Esta pulsión de control ya será denunciada brillantemente por quien inspiró las posiciones en materia de libertades civiles de Murray Newton Rothbard y del libertarismo de izquierda: Lysander Spooner. El autor anarco-individualista defenderá en su clásico Los vicios no son delito (1875) la descriminalización de toda actividad personal (beber, jugar, comer, etc.) que no puede ser enmarcada como un delito en la medida en que no haya daño alguno contra la integridad física de otra persona o la propiedad de un tercero. Un vicio, como el alcoholismo, a lo sumo daña la salud de la persona que bebe en exceso pero en tanto que no afecte los derechos de los demás no debe ser criminalizado. Spooner distinguirá un crimen que se puede categorizar de manera nítida, de un vicio que es un comportamiento relativo, subjetivo y materia de debate.
Asimismo, un vicio a lo sumo será un error personal pero de ninguna manera un crimen. La criminalización de conductas eventualmente “viciosas” que uno puede no aprobar desde la esfera personal no implica, como bien sostendrá Spooner, que se deba promover su criminalización. En este sentido, la moralización contemporánea de la política actual, regida en gran medida en términos identitarios a partir de testimonios personales (por ejemplo, desde el veganismo hasta el ambientalismo) corre el riesgo de conducir a un moralismo que incita a la cancelación y al punitivismo en nombre de la santidad de la “existencia correcta”. La búsqueda de una vida “limpia”, “pura” y “sana” puede producir una militancia de la sobriedad que sindica a quienes beben como no suficientemente “comprometidos” con la causa.
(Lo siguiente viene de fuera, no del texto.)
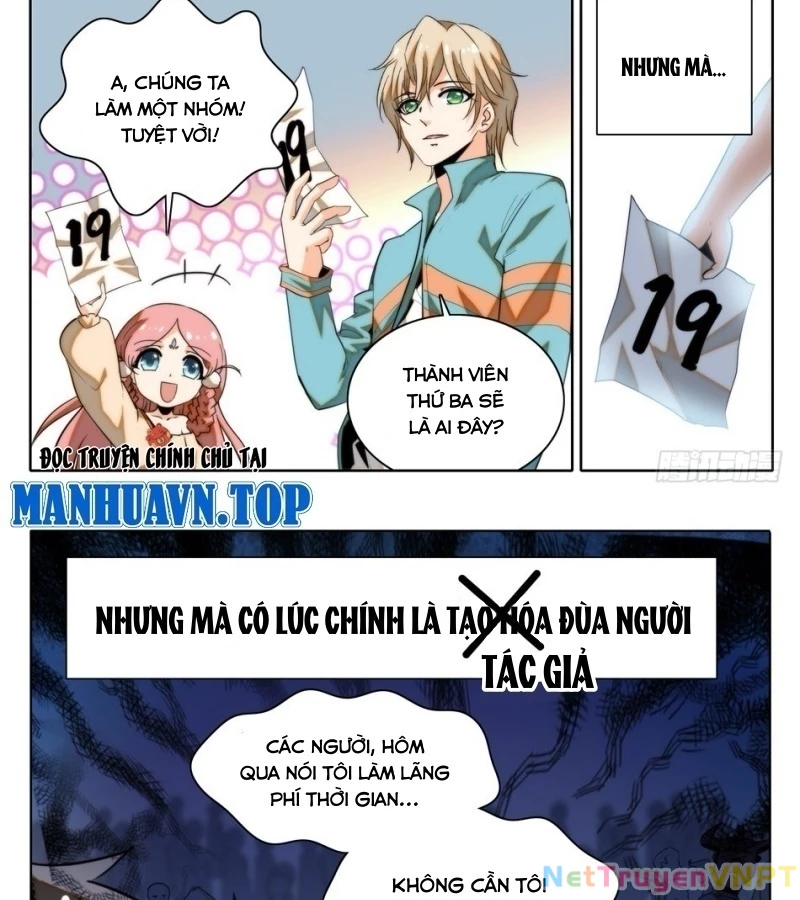 Học Viện Kỹ Thuật Thần Tiên Chapter 19 - Trang 2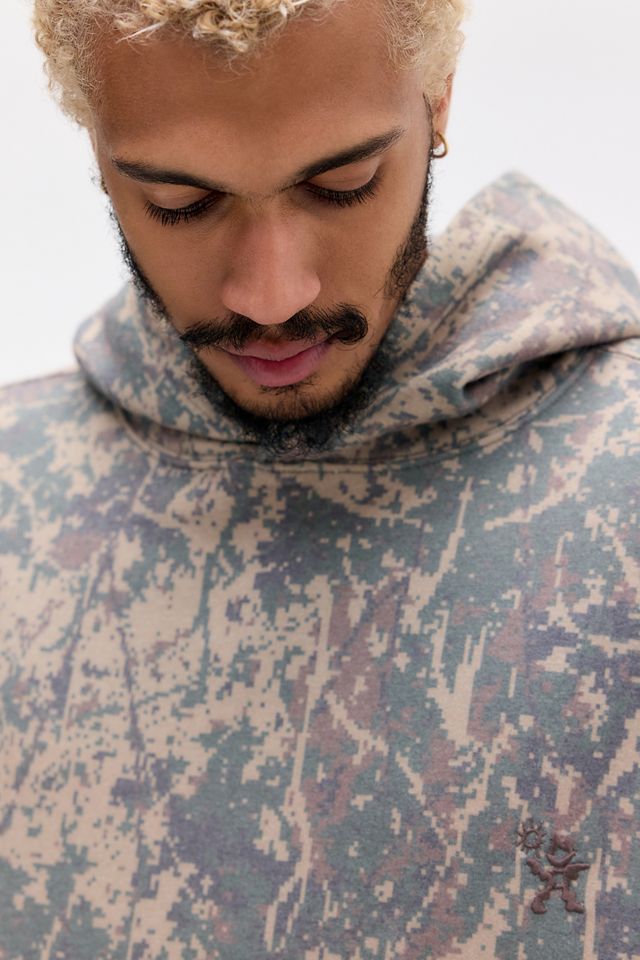 Sweat à capuche Ayker Digi Camo #2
Tanto la izquierda identitaria como la derecha reaccionaria, ambas espejadas al interior de la tentación puritana y la denuncia de estilos de vida “impíos” o “incorrectos”, “marxistas culturales” o no “despiertos” ante las injusticias, a menudo caen en micro-inquisiciones en nombre de la sobriedad. El perfeccionismo moral que vemos en ciertos militantes de izquierda y de derecha (¡curiosa coincidencia narcisista en ambos!) es una deriva fascistizante que toda postura contra la sobriedad debe criticar.
Como nos mostró Michel Foucault en El uso de los placeres (1984), no toda ascesis es hostil al placer; una posición abierta a la creación de nuevos modos de vida y la experimentación existencial tiene la obligación de posicionarse con claridad contra la sobriedad de quienes quieren reducir el ejercicio sobre uno mismo a la mera contención apática, a la extirpación de la potencialidad de nuevas percepciones. La recreación de lo humano se hace desde la convivencia milenaria con efluvios etílicos que nos alegran y nos consuelan, nos excitan o nos calman, que nos permiten celebrar con amigos o procesar nuestras penas en soledad.